International Journal of Computer Applications |
Foundation of Computer Science (FCS), NY, USA |
Volume 84 - Number 3 |
Year of Publication: 2013 |
Authors: Deepika Ghai, Neelu Jain |
10.5120/14559-2661 |
Deepika Ghai, Neelu Jain . Text Extraction from Document Images- A Review. International Journal of Computer Applications. 84, 3 ( December 2013), 40-48. DOI=10.5120/14559-2661
Text extraction in an image is a challenging task in the computer vision. Text extraction plays an important role in providing useful and valuable information.
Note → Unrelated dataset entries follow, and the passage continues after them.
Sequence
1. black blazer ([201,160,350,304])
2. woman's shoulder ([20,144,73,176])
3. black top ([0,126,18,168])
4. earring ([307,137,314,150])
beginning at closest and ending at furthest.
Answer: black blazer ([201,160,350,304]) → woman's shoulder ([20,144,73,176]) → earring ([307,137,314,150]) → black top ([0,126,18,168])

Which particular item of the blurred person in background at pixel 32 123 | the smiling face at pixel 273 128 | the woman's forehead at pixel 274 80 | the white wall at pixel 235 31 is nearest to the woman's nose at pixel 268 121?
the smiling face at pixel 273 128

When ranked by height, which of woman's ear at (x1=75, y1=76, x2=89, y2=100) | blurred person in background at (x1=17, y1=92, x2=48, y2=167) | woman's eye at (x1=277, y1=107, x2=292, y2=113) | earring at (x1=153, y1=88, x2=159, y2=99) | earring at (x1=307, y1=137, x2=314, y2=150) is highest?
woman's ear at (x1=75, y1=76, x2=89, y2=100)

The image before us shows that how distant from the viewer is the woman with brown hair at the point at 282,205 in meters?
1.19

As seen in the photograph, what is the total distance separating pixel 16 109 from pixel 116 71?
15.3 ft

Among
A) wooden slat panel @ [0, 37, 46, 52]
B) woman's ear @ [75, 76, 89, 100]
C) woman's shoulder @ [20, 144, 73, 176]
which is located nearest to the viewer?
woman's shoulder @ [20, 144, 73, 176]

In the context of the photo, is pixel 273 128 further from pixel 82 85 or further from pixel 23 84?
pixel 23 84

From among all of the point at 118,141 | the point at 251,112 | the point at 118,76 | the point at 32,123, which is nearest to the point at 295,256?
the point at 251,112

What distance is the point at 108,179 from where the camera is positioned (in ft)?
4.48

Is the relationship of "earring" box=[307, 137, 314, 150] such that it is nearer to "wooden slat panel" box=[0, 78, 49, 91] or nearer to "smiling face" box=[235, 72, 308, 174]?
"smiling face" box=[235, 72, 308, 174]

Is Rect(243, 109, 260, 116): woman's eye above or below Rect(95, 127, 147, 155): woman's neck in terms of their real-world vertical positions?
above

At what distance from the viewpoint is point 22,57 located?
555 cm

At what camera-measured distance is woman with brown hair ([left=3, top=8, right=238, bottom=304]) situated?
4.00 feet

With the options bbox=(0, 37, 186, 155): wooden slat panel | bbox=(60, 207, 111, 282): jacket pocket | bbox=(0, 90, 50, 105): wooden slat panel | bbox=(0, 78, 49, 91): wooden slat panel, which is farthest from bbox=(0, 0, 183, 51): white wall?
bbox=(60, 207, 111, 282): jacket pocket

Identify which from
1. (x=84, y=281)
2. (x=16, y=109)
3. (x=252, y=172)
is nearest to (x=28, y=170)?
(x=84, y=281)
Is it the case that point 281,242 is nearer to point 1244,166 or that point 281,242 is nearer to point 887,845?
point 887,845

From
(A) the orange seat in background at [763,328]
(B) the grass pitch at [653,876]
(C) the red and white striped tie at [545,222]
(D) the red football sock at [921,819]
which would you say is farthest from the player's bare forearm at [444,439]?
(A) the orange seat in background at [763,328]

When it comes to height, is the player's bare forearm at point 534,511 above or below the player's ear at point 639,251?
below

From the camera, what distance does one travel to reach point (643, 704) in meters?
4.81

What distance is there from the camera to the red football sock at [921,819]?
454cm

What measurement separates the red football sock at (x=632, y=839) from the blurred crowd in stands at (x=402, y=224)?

This paper discusses various approaches such as Adaptive Local Connectivity Map (ALCM), Expectation Maximization (EM), Maximization Likelihood (ML), Markov Random Field (MRF), Spiral Run Length Smearing Algorithm (SRLSA), Curvelet transform etc. for extracting text from scanned book covers, journals, multi-color document, handwritten document, ancient document and newspaper document images. Text line segmentation is a major component for document image analysis. Text in documents depend upon various factors such as language, styles, font, sizes, color, background, orientation, fluctuating text lines, crossing or touching text lines. This paper provides performance comparison of several existing methods suggested by researchers in document text extraction on the basis of recall rate, precision rate, processing time, accuracy etc.